*** Block opens ***
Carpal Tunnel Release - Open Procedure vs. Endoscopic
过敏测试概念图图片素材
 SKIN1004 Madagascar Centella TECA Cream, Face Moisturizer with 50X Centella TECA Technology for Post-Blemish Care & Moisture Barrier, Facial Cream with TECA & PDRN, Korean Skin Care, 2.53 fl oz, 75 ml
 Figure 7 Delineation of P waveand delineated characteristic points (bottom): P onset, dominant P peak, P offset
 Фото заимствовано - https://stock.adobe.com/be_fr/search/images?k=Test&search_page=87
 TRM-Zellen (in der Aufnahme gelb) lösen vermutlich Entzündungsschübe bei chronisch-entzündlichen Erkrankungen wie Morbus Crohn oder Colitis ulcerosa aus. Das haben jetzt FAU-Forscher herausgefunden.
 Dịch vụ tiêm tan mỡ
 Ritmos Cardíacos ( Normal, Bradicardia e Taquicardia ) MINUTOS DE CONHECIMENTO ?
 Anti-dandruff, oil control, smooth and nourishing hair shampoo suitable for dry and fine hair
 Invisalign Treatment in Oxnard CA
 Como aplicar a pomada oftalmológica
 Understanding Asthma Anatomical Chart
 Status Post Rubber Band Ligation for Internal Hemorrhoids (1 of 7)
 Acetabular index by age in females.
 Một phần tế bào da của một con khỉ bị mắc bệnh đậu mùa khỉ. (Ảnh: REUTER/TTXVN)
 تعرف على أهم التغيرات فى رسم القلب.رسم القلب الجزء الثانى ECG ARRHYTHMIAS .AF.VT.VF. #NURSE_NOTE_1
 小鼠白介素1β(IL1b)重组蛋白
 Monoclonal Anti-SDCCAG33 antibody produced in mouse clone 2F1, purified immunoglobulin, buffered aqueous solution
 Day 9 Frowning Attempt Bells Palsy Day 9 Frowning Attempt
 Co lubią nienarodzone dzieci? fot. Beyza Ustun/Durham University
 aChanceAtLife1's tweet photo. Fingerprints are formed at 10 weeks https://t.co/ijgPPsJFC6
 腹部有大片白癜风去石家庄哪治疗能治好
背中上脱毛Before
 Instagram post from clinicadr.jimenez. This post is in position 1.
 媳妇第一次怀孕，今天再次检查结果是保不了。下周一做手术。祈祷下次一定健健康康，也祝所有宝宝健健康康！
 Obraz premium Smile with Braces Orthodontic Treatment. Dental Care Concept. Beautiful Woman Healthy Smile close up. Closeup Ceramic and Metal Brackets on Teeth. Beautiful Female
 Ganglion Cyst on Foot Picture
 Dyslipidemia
*** Block closes ***
Go through the listing above and find each line that contains "Care", then copy it.

### YOUR RESPONSE
 SKIN1004 Madagascar Centella TECA Cream, Face Moisturizer with 50X Centella TECA Technology for Post-Blemish Care & Moisture Barrier, Facial Cream with TECA & PDRN, Korean Skin Care, 2.53 fl oz, 75 ml
 Obraz premium Smile with Braces Orthodontic Treatment. Dental Care Concept. Beautiful Woman Healthy Smile close up. Closeup Ceramic and Metal Brackets on Teeth. Beautiful Female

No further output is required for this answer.